Halbinsel Wittow weit im Norden von Rügen

Putgarden Arkona Steilküste © Uwe Kantz

Die unbewaldete Halbinsel ist eben, die Sandwege sind gut per Rad befahrbar. Klippen, Leuchttürme, Fischerdörfer laden zur Erkundung ein.
Wo das vom Hochufer abgebrochene Material durch die Strandversetzung wieder anlandet, wie am Bug im Nordwesten der Halbinsel, finden sich ideale Sandstrände.
Die Schaabe ist eine weitläufige Nehrung mit licht angelegten Kiefernholzungen zwischen den Halbinseln Wittow und Jasmund vor dem Großen Jasmunder Bodden.

Altenkirchen

Städtchen mit der ältesten Kirche Rügens. Die dreischiffige romanische Basilika wurde von den Dänen erbaut, nachdem sie 1168 Slawengott Svanstevit verbrannt und die Jaromarsburg zerstört hatte, um christliche Nächstenliebe zu predigen. Der Taufstein aus der Zeit um 1250 stammt von der Insel Gotland.
Juliusruh am Hochuferweg. Prächtig ist der Blick vom Steilufer übers Meer. Kleine Pfade führen hinab zu einsamen Badestellen. Links am Weg - wenn man Richtug Nord geht - tauchen mächtige, in Reih und Glied stehende Granitblöcke auf: Das bronzezeitliche Großsteingrab Nobbin wurde vor ca. 5.000 Jahren aufgerichtet.

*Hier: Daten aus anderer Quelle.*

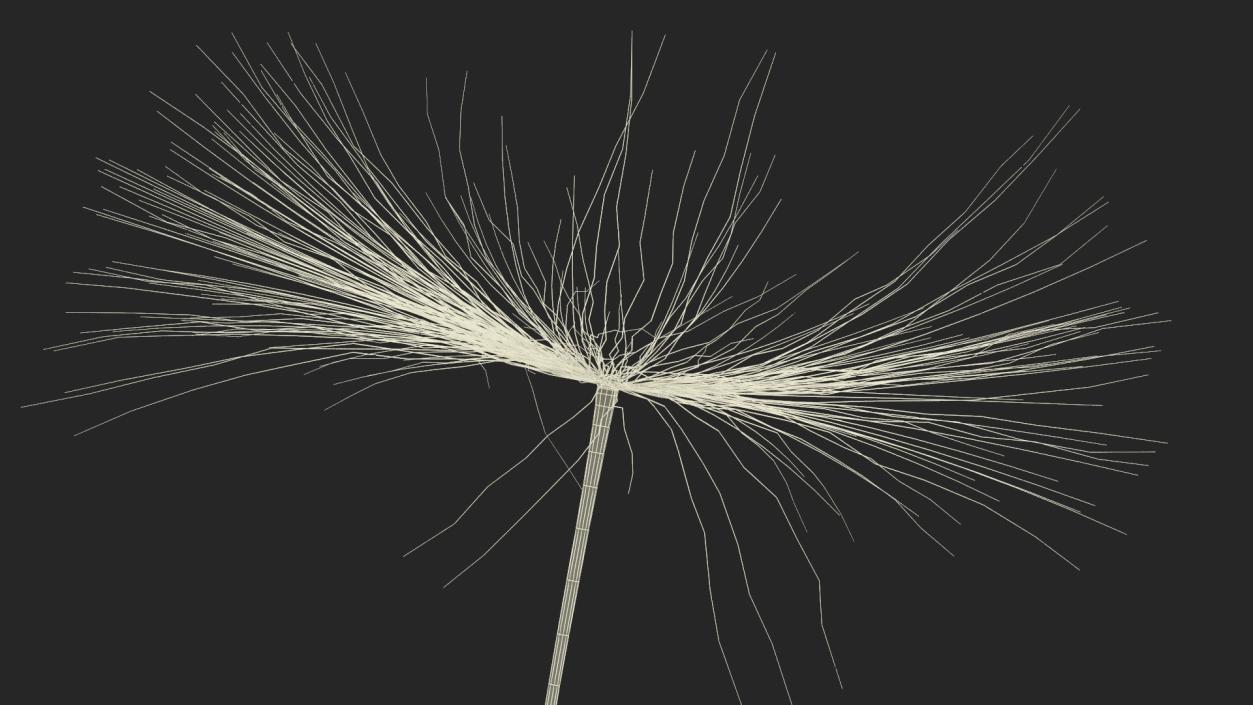 Dandelion Seed 3D model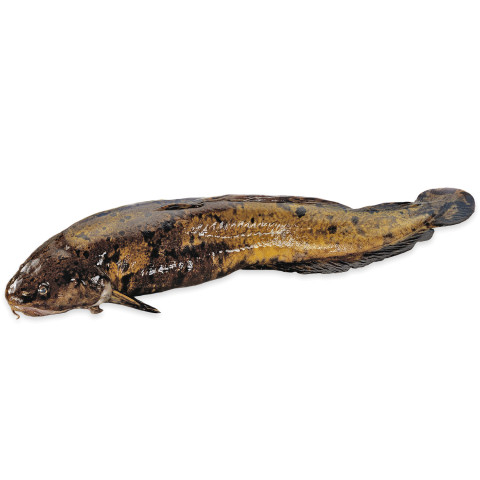 Burbot whole ca1,2kg/5kg 02366133100009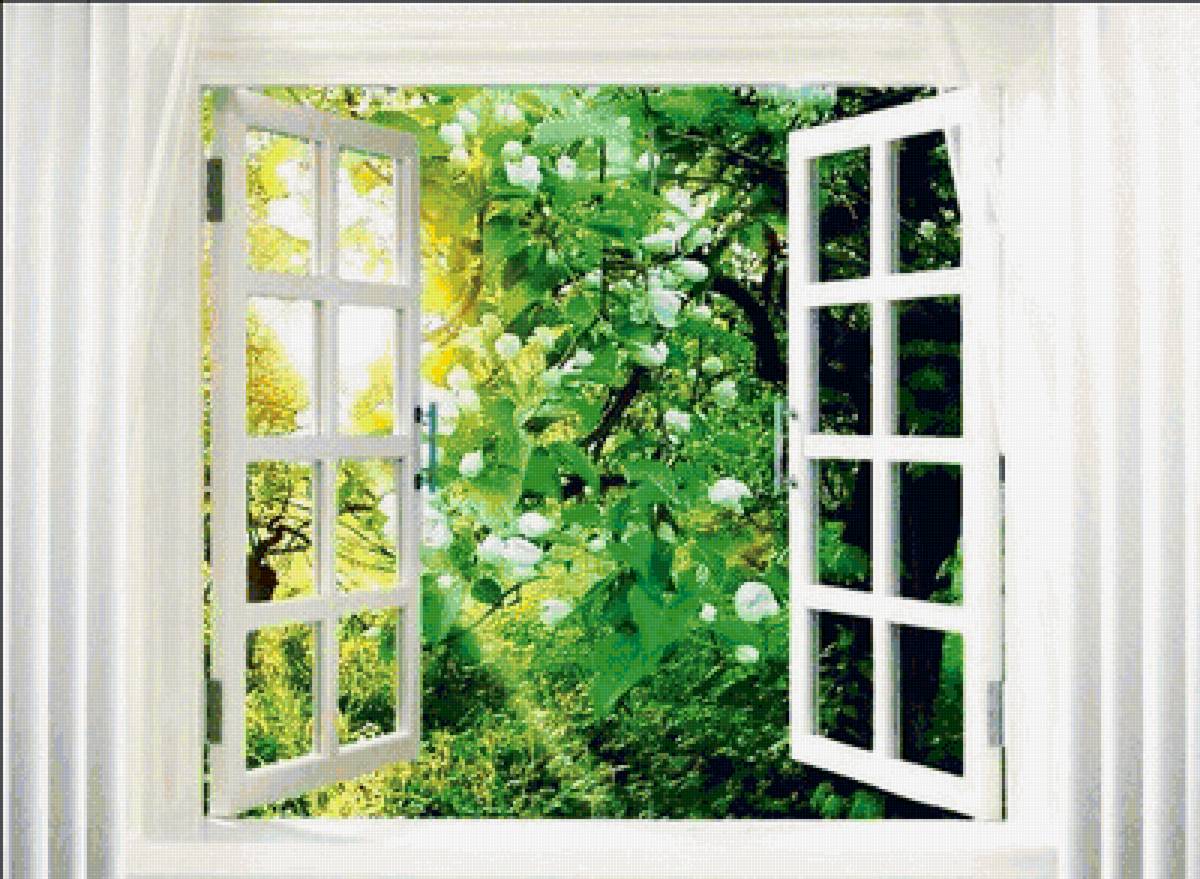 окно в сад - лето, сад, яблони, вид из окна, весна - предпросмотр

Vitt - ganz kleines Fischerdorf, für den Autoverkehr gesperrt, mit denkmalgeschützten reetgedeckten Häusern. Am Hafen befindet sich eine Fischräucherei.
sehenswert: achteckige Kapelle. Das "Uferbethaus" wurde 1816 für die Heringsfischer erbaut. Um die damals noch Jahr für Jahr eintreffenden Heringsschwärme nicht zu verpassen, was ja beim Betgang nach Altenkirchen leicht passieren konnte, verrichteten sie ihre Gebete in dieser Kapelle. Der Innenraum ist spartanisch maritim in Weiß-Himmelblau gehalten, weist auch einige Utensilien mit direktem Bezug zum Meer auf. Leicht kann man hier in die Haut der einstigen Fischer fahren, voller Mut, Demut und Hoffnung auf glückliche Wiederkehr.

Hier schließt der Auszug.